The League’s post-Lucknow (1937) growth was, however, not confined to, nor confirmed merely by, assembly or party membership figures, or attendance at its annual sessions and Provincial Conferences. It was also reflected, more importantly, in the extent and quantum of political mobilization at the ground level. And this was largely effected by a new kind of Muslim activism at the grass-root level which gave a new shape and structure and dimension to Muslim politicization.

In this venture, the League fortuitously found an ally in the Khaksar movement, which had spearheaded Muslim activism since the Shahidganj dispute (1935). Its founder, Inayatullah Khan Mashriqi (1888-1963), first established contact with Jinnah in 1935, initiating a process which gradually bound together the League and the Khaksars in reinforcing each other’s identity, in complementing each other, with the Khaksars primarily concentrating on religious and social affairs and the League on political matters, and in sharing common concerns such as the promotion of Muslim solidarity and welfare, and the quest for power.

Peshawar had become one of Khaksars’ nerve-centres, and at the League’s bidding they extended their activities into the Red Shirts’ strongholds, thus indirectly helping the League’s cause. Clad in khaki, armed with belchas, marching in military formation, and observing a disciplinary code religiously as no other volunteer group in India did, the Khaksars held salutation ceremonies at the League’s sessions and rallies, and their presence in strength gave a new, complementary dimension to them. Oft and anon, they clashed with the Ahrars who were utilized by the Congress in furthering its mass contact campaign, and the militant Khaksar presence at the League’s rallies kept at bay the Congress-sponsored trouble-makers. In August 1939, the Khaksars descended upon Lucknow in strength to “resolve” the Shia-Sunni trouble, allegedly fuelled by the Congress to divide the Muslims and rule over them. Here they skirmished with the Congress-Ahrar volunteers, and were challenged by the police and military authorities. The League, on its part, “projected the Khaksar intervention as a heroic struggle”, and rose to their defence.

The Congress which had consistently accused the League of enlisting support in the name of religion was, however, not averse to using religious or religious-oriented groups such as the Jamiat and the Ahrars, in its election and mass contact campaigns. Through them it had, asserted Nawab Ismail Khan (1886-1958), “done its best to exploit the religious sentiments of the ignorant masses in every conceivable manner”. In the circumstances, therefore, the Khaksars who could talk in religious, and deal in militant, terms proved to be the antidote to both the pro-Congress professional ulema and the aggressive Ahrars.
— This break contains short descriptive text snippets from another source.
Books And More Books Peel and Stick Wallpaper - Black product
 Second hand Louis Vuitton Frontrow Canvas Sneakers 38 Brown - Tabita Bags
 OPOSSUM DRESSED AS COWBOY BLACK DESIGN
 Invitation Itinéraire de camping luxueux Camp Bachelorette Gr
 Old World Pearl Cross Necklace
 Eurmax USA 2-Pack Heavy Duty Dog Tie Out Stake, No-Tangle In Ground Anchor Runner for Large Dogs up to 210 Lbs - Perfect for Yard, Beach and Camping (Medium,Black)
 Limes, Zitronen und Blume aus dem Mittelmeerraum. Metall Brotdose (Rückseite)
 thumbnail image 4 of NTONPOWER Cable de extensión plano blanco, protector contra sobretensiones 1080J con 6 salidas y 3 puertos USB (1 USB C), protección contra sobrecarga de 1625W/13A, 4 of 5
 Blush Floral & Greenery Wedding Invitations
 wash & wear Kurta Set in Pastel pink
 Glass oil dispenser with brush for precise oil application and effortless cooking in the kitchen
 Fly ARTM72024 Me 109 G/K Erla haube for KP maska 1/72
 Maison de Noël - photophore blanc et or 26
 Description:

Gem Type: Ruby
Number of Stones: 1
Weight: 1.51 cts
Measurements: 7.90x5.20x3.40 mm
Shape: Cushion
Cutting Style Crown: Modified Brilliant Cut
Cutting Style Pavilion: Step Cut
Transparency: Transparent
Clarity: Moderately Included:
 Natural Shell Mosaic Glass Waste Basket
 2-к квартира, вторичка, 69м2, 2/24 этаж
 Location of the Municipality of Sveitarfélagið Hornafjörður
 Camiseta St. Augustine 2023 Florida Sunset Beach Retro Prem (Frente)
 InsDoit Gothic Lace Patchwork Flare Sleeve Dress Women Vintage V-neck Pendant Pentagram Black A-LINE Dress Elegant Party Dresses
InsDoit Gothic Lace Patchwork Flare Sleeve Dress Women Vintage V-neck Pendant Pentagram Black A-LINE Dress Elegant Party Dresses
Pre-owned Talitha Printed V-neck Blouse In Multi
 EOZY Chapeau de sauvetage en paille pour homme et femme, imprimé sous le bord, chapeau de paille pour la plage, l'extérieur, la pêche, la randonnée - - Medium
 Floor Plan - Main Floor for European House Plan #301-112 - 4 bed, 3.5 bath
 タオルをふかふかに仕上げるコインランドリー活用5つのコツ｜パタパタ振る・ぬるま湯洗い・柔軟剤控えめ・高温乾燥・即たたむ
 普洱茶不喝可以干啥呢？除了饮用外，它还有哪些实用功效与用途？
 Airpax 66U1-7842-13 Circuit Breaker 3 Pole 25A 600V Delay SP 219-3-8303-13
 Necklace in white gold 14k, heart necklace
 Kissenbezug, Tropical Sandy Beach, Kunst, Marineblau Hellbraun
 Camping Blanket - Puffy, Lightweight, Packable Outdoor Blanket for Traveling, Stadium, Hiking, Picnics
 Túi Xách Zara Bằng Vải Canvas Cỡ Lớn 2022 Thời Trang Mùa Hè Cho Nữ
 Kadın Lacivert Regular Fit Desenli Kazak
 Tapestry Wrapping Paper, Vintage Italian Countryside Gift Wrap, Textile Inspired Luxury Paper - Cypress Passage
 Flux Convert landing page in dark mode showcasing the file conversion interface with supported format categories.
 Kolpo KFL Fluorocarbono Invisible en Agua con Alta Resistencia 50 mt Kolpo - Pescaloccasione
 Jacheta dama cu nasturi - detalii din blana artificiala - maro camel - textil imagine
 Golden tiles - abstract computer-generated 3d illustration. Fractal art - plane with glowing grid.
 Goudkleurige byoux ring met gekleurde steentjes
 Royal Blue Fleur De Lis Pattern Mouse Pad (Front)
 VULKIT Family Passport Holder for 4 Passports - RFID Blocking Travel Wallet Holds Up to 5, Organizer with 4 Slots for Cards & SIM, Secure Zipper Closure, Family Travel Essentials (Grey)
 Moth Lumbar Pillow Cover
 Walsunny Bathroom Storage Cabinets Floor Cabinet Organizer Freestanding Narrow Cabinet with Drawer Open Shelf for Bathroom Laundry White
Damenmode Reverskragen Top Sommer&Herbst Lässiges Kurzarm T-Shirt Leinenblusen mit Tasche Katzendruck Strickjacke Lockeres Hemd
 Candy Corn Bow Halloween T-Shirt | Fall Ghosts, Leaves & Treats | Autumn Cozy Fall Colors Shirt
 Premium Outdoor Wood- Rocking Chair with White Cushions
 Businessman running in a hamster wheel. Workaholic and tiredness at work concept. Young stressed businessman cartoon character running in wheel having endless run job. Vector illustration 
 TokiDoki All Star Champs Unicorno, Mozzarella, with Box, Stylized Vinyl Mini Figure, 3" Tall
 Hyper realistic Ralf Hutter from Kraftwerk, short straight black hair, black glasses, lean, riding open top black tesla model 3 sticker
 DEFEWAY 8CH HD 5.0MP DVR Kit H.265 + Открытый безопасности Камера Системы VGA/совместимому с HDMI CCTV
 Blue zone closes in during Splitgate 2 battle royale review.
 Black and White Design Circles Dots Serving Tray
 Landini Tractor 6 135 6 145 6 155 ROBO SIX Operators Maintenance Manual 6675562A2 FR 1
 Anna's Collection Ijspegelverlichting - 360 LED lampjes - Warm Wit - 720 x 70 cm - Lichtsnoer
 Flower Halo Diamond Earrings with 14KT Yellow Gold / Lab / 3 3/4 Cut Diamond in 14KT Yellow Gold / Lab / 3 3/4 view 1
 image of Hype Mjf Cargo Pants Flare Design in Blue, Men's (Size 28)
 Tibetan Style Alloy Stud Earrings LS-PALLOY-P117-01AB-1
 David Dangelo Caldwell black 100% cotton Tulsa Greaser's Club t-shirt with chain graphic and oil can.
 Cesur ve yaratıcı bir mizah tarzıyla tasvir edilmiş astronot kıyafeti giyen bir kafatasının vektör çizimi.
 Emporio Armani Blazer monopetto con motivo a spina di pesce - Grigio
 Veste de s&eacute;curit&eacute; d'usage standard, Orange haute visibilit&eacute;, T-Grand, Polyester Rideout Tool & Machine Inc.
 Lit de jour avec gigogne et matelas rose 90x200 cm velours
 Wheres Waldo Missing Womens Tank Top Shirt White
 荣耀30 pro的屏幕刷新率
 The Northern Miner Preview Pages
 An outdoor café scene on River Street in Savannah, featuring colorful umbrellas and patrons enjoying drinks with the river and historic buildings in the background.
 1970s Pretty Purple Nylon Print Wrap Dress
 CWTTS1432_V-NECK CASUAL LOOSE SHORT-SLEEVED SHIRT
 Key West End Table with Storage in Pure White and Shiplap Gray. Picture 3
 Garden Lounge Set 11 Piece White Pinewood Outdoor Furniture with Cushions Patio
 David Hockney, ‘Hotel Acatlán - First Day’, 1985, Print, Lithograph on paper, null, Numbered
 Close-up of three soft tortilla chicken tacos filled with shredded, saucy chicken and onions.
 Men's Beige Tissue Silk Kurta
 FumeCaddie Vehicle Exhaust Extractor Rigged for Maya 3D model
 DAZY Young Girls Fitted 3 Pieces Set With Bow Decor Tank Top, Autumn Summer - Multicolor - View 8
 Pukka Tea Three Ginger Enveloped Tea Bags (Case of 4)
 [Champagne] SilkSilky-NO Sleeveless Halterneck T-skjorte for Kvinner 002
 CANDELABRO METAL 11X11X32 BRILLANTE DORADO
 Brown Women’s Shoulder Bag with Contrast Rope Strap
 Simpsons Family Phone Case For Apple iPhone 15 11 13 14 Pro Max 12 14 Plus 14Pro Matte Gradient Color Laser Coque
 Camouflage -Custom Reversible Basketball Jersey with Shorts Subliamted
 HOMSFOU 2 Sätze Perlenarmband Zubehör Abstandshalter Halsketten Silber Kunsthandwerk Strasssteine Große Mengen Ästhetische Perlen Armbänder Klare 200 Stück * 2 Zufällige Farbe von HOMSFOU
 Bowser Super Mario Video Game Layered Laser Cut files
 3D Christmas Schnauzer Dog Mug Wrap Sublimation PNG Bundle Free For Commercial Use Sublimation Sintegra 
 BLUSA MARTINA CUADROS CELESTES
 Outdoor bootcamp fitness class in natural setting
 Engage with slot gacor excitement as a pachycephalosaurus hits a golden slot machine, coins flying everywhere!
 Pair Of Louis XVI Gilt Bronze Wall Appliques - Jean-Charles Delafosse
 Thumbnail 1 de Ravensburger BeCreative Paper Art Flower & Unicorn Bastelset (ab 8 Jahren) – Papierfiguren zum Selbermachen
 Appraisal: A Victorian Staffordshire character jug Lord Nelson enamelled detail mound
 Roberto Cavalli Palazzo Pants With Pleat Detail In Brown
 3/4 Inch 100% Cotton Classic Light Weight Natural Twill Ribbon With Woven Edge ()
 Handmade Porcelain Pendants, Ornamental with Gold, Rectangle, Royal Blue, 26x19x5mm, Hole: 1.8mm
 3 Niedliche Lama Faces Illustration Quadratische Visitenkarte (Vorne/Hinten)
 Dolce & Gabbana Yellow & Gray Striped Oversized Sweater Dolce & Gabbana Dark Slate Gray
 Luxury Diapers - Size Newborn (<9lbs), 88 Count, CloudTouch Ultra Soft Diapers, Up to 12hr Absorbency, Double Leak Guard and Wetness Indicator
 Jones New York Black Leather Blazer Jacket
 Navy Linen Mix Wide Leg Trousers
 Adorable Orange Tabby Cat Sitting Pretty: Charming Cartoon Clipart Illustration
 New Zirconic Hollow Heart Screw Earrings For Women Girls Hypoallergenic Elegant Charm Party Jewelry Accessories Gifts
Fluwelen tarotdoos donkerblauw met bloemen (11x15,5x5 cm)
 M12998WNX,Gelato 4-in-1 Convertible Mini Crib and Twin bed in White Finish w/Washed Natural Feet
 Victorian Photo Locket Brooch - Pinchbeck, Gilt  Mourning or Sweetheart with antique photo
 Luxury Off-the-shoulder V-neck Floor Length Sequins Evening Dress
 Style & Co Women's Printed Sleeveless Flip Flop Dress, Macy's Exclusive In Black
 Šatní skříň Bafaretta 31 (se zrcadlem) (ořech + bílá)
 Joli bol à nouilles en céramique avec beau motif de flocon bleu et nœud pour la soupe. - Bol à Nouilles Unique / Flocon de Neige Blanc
Meantime, through its new-forged links with the Khaksar movement, the League began to discover and develop “important channels of communication with the Muslim masses”. While the Khaksars were drawn into the political arena under the League’s influence, its close links with them facilitated its entry into the arena of grass-root activism. This was in part helped by the proliferation of the Mahasabha and Arya Samaj oriented organizations such as Rashtriya Swayamsevak Sangh (RSS), Hanuman Vyayam Mandal, Mahabir Dal, and the projected Hindu National Militias (or Ram Sena), besides the Mahasabha and Arya Samaj themselves, which, employed among others, “evocative military idiom”, glorified, “selectively and provocatively, aspects of Hindu tradition and mythology”, and indulged “in songs, and publishing leaflets and pictures, calculated to annoy the Mohammedans”.

This provoked the League to setup, although with some misgivings, the Muslim League National Guards (MLNG) at the provincial level, and soon enough it made spectacular gains on its own. With branches in 33 districts in the UP, and a strength of 10,000 in 1938, the MLNG had recruited 15,000 volunteers by mid-1939, and 18,500 by the year’s end. By late 1939 the MLNG, with its own cadres, emerged “as a strong and combative political force”, making accessible to the League the new channels of propaganda and communication down to the grass-root level, and building, in the process, the League as an “organization comparable to that of the Congress”, both at the hustings and on the streets. This development was crucial in the politicization of Muslims during 1938-39.